More than a third of brokers said lenders had “inflexible requirements for borrowers” (35 per cent), while others noted “complex documentation requirements” (31 per cent), “post-settlement issues” (30 per cent), and a “lack of transparency in lending terms” (26 per cent) as difficulties.

Only 7 per cent said they had no difficulties with lenders over the past six months.

White slammed the issues being faced by brokers as “unacceptable” and said the lack of responsiveness from lenders was “frustrating”, particularly as the association has long been calling for standardised discharge loan forms and documentation.

White said: “The fact that so many brokers regularly face these issues when processing loans indicates not only that the system is inefficient, but that some lenders are not making any effort to improve.

“Three years ago we reported that banks were taking 14–30 days to finalise discharge documents, even after many approaches and requests, and I think many brokers still have a distrust of lenders’ motives.”

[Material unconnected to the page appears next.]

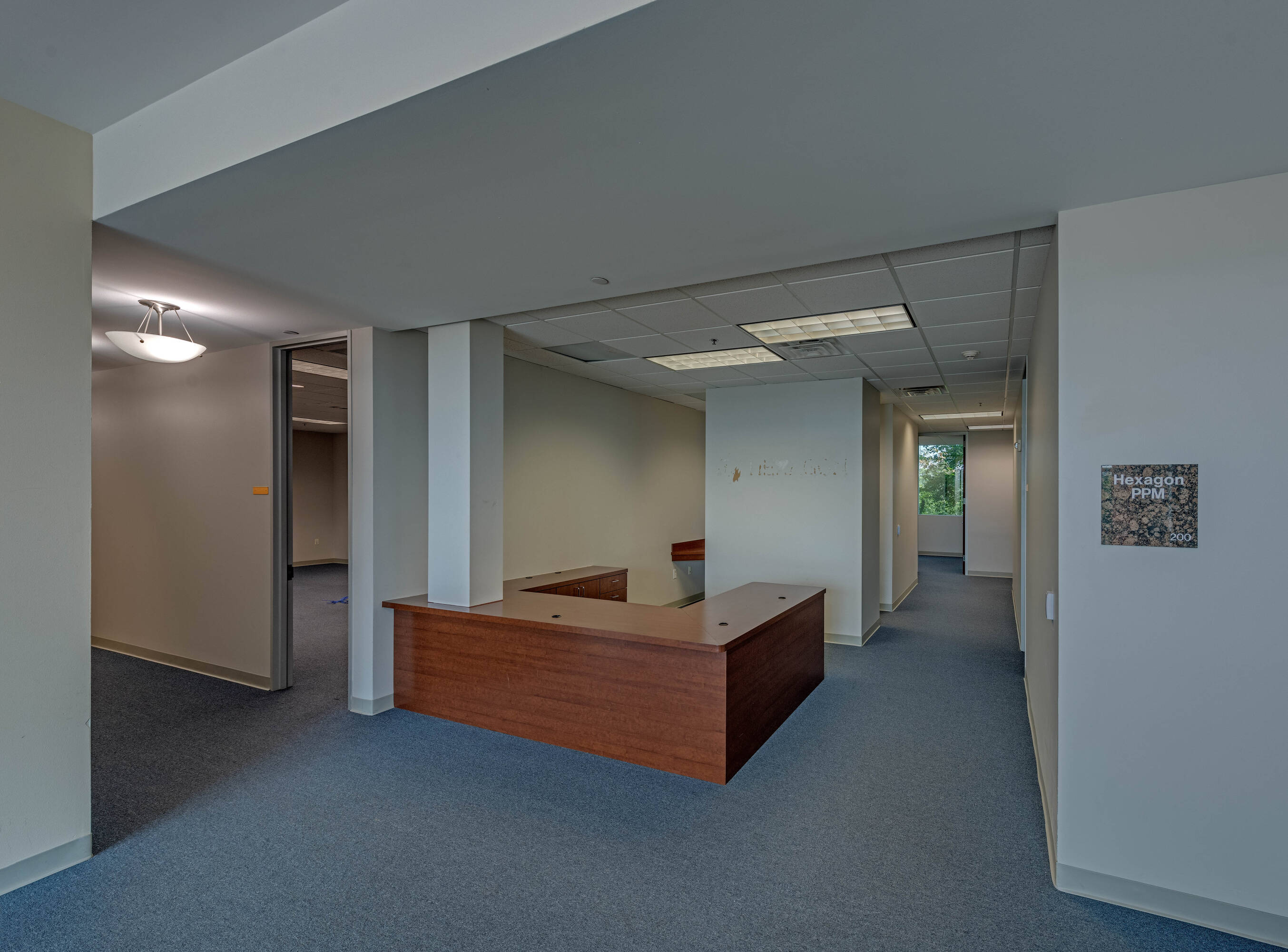 7840 N. Sam Houston Parkway West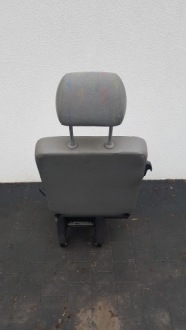 фото thumb №4, Сиденье пассажира vw transporter t5 caravella 2 ряд правый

He said that banks were damaging customer relations through these issues, stating that the more they delay and disadvantage customers, the less likely those customers are to return.

“This recent poll shows that some lenders are still not doing well enough. They need to improve their processes and their communication,” he said.

The FBAA head also said that some lenders may be slowing things down for the third-party channel on purpose.

White said: “Recent comments by the CBA and Westpac have made it clear that some banks are intentionally trying to discourage business through brokers, so it’s not unreasonable for brokers to suspect that delays are being intentionally ignored.

“Lender requirements are largely the same, and universal, standardised loan discharge agreements, loan application forms and privacy act forms should all be available in today’s marketplace."

The call from the FBAA follows on from other issues flagged by the broking industry – the dominant channel for home loans – in relation to ensuring borrowers are able to access mortgages.

In July, both the FBAA and the Mortgage & Finance Association of Australia (MFAA) urged lenders to be more flexible with how they service borrowers, particularly given high serviceability hurdles.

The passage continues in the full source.